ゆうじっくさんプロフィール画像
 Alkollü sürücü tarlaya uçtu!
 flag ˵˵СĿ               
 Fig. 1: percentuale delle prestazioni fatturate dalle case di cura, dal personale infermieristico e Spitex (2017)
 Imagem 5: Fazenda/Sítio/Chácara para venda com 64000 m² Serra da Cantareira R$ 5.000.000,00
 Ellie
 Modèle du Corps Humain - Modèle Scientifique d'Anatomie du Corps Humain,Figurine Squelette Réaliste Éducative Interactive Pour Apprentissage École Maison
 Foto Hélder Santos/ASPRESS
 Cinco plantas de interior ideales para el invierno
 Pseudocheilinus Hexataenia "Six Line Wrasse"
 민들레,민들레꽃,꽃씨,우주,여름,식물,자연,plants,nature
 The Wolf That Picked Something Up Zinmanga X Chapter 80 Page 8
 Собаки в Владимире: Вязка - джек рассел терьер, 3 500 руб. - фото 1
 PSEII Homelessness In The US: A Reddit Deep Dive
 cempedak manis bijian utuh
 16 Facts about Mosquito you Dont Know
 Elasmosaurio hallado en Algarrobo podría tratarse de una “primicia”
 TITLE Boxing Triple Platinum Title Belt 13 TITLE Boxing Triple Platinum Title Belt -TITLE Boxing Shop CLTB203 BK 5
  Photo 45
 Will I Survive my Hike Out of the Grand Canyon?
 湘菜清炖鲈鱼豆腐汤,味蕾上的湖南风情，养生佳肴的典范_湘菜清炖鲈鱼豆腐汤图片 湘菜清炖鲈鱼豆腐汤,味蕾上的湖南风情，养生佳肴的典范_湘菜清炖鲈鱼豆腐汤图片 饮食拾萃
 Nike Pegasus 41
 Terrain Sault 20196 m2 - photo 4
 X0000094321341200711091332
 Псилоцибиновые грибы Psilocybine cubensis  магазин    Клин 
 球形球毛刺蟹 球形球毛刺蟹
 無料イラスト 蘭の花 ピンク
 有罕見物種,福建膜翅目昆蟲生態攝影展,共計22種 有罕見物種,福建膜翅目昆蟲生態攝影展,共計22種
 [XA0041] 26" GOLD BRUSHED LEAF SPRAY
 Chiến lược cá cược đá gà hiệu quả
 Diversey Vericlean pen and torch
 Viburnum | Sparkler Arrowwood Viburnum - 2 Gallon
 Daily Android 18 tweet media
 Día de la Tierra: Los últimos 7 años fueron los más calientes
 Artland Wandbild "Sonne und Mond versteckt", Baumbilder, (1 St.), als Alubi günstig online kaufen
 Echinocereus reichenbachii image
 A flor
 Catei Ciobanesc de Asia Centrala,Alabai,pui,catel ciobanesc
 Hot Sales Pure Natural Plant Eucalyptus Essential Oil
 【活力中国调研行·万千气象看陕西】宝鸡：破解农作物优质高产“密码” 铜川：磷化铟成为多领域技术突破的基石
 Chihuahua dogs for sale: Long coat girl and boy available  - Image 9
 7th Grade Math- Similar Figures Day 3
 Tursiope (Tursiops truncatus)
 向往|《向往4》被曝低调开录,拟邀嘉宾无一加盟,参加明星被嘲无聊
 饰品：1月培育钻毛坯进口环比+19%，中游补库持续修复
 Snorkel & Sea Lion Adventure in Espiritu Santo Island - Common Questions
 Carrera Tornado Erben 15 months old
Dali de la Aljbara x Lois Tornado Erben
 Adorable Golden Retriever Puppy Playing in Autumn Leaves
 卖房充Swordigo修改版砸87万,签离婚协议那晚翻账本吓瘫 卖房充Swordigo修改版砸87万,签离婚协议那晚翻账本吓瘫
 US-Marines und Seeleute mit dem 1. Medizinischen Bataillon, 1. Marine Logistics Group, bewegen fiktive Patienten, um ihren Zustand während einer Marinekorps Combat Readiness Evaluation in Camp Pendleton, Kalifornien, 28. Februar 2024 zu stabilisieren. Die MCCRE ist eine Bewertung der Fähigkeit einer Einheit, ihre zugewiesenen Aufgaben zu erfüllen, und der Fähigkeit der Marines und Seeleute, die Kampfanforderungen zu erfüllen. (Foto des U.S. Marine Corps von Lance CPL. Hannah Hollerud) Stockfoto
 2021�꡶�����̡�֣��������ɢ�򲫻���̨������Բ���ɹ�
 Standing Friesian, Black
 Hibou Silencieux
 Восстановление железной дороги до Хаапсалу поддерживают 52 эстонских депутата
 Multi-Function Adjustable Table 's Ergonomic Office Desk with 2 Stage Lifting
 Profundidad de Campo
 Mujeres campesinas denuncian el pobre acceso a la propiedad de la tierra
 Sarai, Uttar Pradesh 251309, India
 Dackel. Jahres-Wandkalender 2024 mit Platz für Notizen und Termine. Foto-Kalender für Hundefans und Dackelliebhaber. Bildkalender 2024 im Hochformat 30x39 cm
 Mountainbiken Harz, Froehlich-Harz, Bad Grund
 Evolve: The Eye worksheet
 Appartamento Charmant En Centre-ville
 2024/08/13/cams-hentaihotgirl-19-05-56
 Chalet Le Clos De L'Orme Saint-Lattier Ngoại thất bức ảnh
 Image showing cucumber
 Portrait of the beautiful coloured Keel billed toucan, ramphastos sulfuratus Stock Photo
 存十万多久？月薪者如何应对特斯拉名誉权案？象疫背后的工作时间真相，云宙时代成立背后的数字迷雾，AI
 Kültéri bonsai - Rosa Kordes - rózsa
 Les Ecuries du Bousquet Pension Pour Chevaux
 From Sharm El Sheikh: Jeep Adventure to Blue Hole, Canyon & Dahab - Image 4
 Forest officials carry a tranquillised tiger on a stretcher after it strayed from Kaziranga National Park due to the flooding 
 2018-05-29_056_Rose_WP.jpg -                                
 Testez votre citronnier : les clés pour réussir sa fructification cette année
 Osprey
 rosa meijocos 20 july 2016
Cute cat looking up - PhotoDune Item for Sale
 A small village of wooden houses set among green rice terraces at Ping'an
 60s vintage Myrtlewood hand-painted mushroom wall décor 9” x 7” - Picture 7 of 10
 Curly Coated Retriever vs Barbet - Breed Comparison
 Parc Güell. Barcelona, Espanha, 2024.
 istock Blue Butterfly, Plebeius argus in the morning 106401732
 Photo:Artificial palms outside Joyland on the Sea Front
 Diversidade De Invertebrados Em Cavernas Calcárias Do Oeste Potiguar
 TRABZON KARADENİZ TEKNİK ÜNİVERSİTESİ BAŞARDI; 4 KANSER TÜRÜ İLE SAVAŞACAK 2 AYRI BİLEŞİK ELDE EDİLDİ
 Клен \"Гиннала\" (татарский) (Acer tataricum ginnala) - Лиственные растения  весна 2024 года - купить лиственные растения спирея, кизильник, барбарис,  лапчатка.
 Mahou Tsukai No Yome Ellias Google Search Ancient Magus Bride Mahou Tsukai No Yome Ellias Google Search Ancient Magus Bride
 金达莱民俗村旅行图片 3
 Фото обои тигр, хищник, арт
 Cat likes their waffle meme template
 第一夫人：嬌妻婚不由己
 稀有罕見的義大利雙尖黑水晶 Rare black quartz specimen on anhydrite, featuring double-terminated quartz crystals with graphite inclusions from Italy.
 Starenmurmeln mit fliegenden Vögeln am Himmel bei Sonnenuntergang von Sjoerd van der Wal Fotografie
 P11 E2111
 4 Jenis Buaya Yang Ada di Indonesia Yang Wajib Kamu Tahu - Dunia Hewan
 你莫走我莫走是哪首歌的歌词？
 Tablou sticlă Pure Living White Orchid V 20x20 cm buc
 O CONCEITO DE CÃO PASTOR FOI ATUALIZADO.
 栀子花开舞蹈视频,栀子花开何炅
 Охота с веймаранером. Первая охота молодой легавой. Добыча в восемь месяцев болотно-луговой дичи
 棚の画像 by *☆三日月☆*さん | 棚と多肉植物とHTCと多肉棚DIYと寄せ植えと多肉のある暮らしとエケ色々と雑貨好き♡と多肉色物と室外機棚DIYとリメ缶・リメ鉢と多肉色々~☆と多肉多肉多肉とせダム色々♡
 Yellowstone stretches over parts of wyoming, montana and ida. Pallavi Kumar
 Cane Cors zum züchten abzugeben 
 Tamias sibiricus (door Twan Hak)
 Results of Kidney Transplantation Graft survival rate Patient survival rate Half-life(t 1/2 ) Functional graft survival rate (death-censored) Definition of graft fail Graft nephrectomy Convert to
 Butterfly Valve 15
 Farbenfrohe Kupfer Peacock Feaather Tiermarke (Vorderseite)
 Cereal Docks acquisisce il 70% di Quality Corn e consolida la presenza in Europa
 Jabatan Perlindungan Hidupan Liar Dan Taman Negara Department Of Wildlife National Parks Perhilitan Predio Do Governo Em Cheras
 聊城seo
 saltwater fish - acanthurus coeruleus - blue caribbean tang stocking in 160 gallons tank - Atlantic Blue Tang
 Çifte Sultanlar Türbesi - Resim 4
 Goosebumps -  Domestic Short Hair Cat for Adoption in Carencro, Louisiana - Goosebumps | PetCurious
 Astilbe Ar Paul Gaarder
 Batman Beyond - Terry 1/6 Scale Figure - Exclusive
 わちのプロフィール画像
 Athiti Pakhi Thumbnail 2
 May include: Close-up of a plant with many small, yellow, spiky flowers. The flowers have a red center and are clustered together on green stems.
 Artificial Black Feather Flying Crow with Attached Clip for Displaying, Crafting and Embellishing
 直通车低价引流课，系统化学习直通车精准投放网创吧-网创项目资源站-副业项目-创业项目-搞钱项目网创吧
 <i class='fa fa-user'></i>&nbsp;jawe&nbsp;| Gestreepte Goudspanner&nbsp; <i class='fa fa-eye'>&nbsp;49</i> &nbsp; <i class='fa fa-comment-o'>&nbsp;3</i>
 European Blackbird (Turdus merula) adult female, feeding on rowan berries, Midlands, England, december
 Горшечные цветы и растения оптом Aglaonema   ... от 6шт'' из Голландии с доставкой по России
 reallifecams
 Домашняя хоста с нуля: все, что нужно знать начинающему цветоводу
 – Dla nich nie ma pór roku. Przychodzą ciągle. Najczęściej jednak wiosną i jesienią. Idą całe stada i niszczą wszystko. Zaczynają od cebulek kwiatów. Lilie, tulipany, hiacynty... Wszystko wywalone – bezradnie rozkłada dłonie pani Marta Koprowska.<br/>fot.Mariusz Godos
───
** EXERCISE REQUIREMENTS **
Working through the records above, copy each line in which "Butterfly" is found.

** SOLUTION TO THIS TASK **
 istock Blue Butterfly, Plebeius argus in the morning 106401732
 Butterfly Valve 15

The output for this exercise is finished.